:: About this task ::
Skip the pictures. Transcribe the rest of the data below without changing a word.

:: Collected data ::
================================
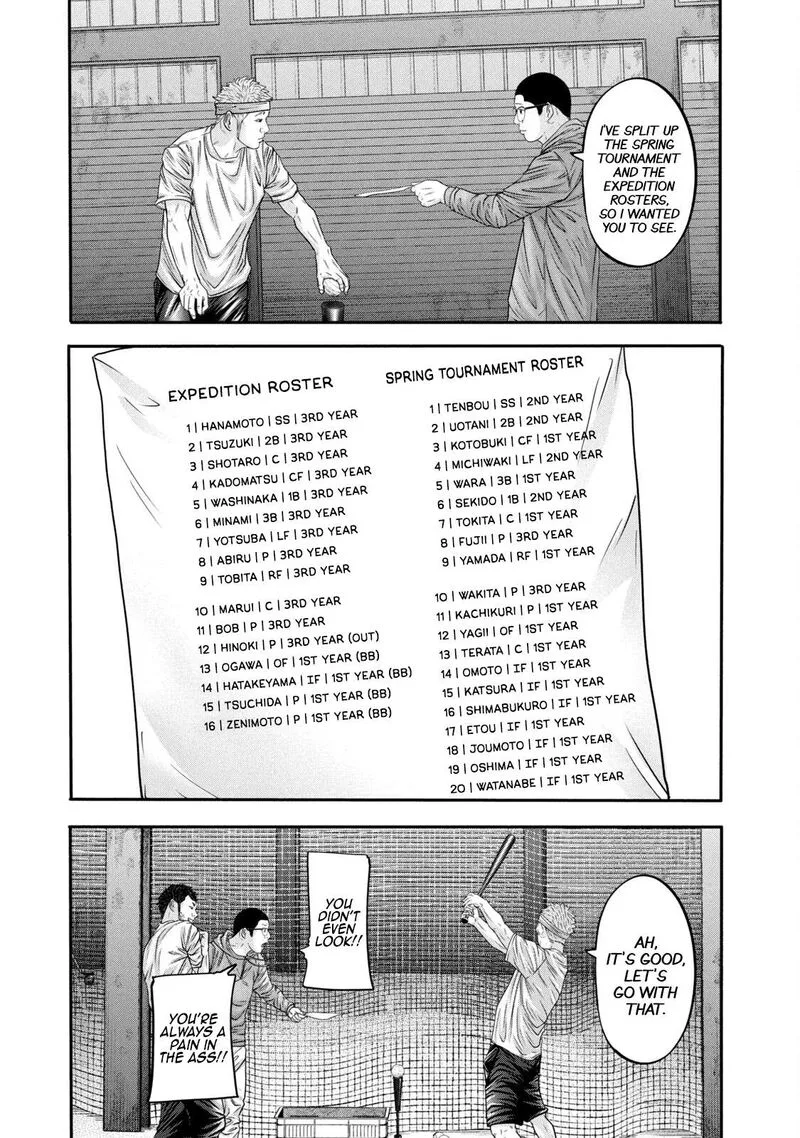 Battle Studies Chapter 342 page 3
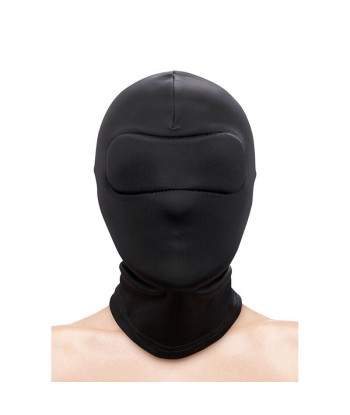 NS NOVELTIES - FETISH and FASHION PASAMONTAÑAS COMPLETO NYLON NEGRO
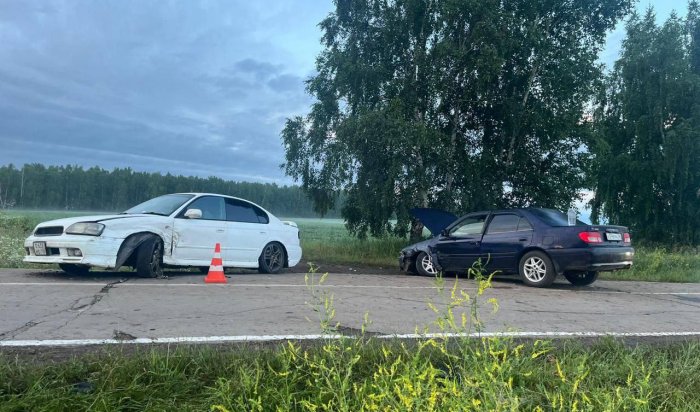 Ребенок пострадал в ДТП, которое устроила его нетрезвая мать в Черемховском районе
================================
:: The answer ::
 Battle Studies Chapter 342 page 3
 NS NOVELTIES - FETISH and FASHION PASAMONTAÑAS COMPLETO NYLON NEGRO
 Ребенок пострадал в ДТП, которое устроила его нетрезвая мать в Черемховском районе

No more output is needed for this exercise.